A fundamental tenet of religion. A fundamental desire of every nation. A fundamental need within each person.
But few signs of peace are evident in our world. Consider just a couple of examples.
In St. Cloud, Minn., a tension exists between the majority White population and the sizable Somali population. It plays itself out in various ways at the city’s university.
There’s no secret that animus exists between the American and Russian governments as charges and counter-charges relating to hacking and duplicity appear on a daily basis. One can hope that the American and Russian people do not fall prey to the negativity and remain open to friendly cultural, athletic, educational and similar exchanges.
And then there is Syria, mired in a civil war that appears to have no end in sight. The humanitarian and historical damage will take years to repair, if it’s at all fixable.
Three distinct examples of an absence of peace, but in only one does the word war appear.
As individual people, regardless of our faith, sexual orientation, ethnic background, income or multiple other so-called check boxes, we also find peace difficult to hold onto. Our professional lives might be unsettled. Our physical or mental health might be strained.
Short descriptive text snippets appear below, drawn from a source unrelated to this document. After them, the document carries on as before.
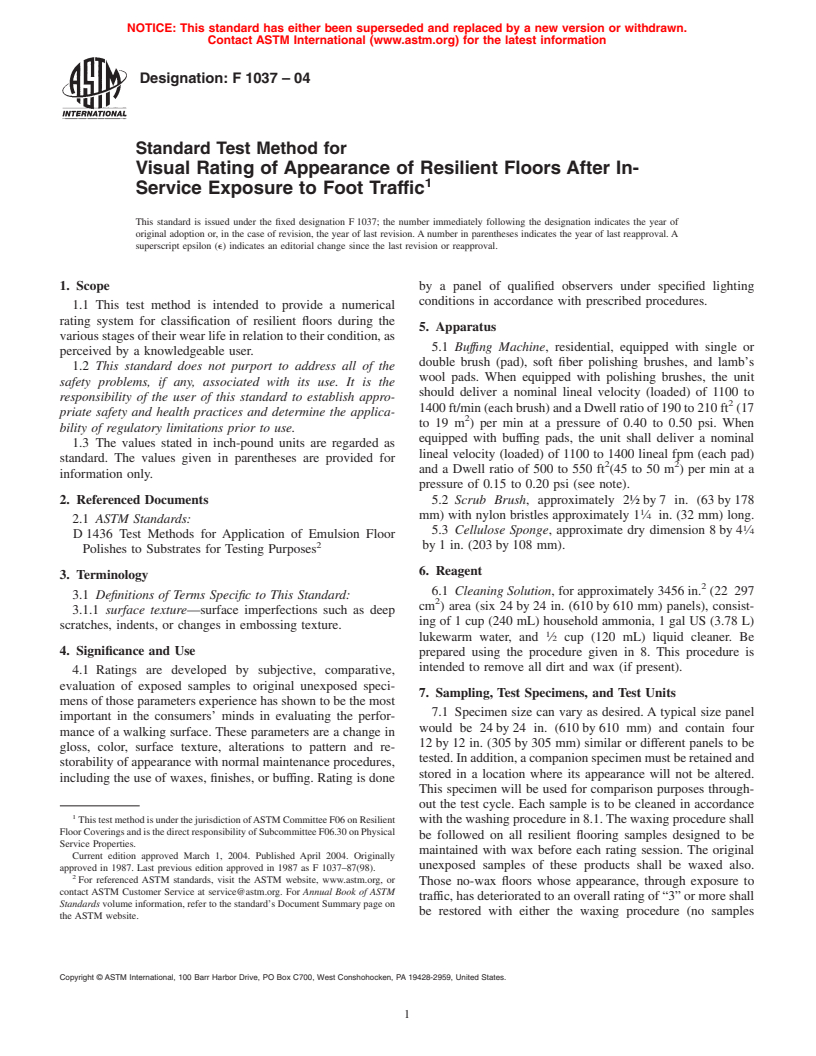 ASTM F1037-04 - Standard Test Method for Visual Rating of Appearance of Resilient Floors After In-Service Exposure to Foot Traffic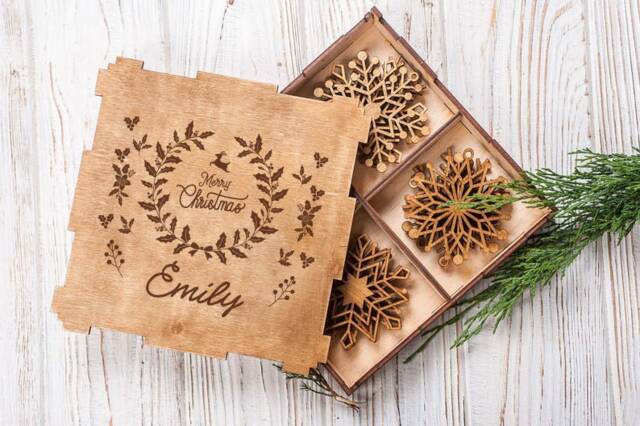 Christmas Decorations, Wood Christmas Ornaments, Snowflake Decor Set Of 16 Snowflakes, Gift Idea Snowflake, Personalized Holiday - image 1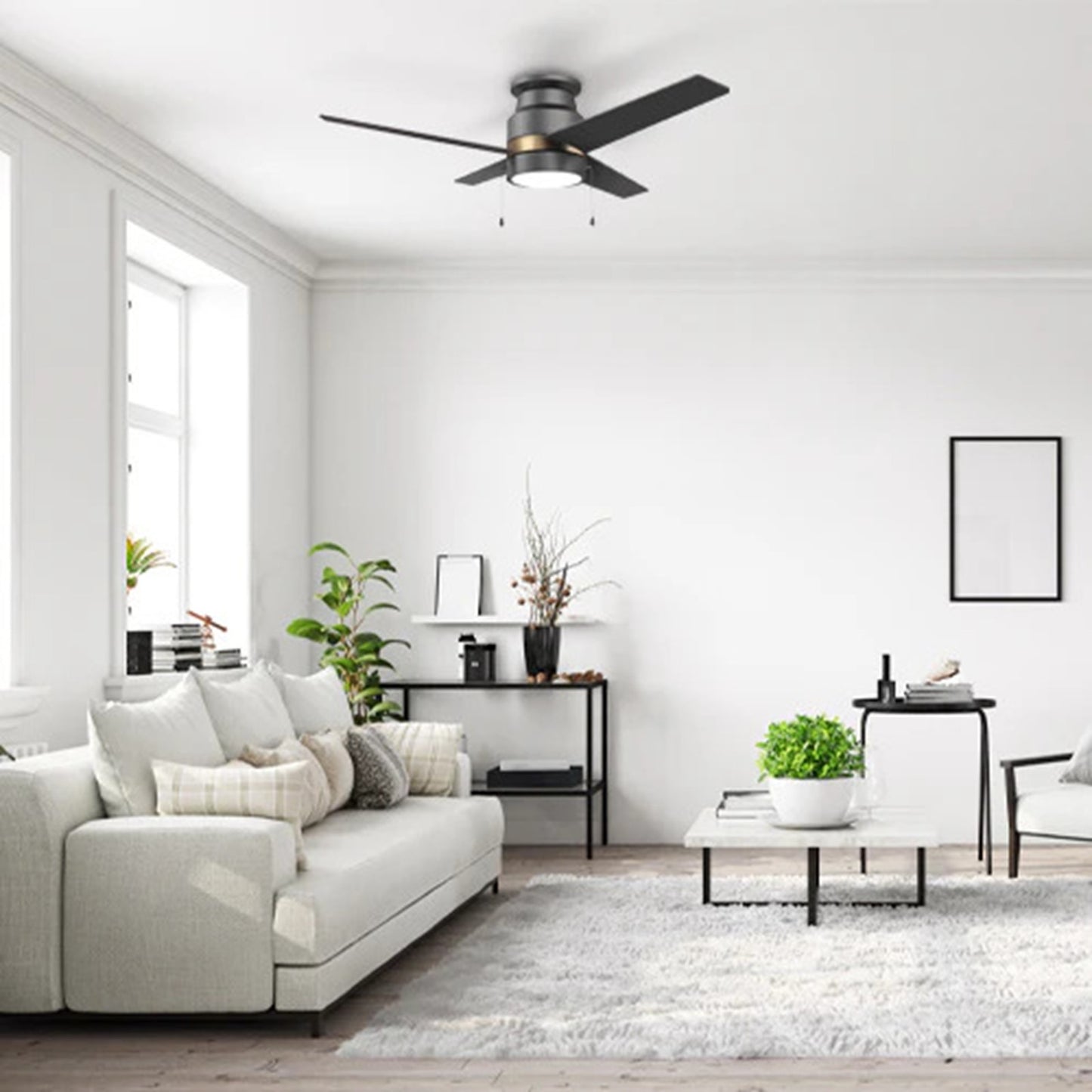 Carro Lamont 52in 4-Blade Flush Ceiling Fan | Black/Gold Plywood Blades with Integrated 3000K LED | Living Room & Bedroom | 52 | Model VWGA-524B-L12-B2-1G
Our relationships with family and friends might not be where we want them to be. These and other stress points bring about an internal unease that restricts our peace.
We can’t give up on ourselves. We can’t surrender to the vices of hate and discrimination that never make ourselves and the world better. We can’t stop believing that the world’s darkest places will have better tomorrows.
And yet how often must we admit that optimism is hard.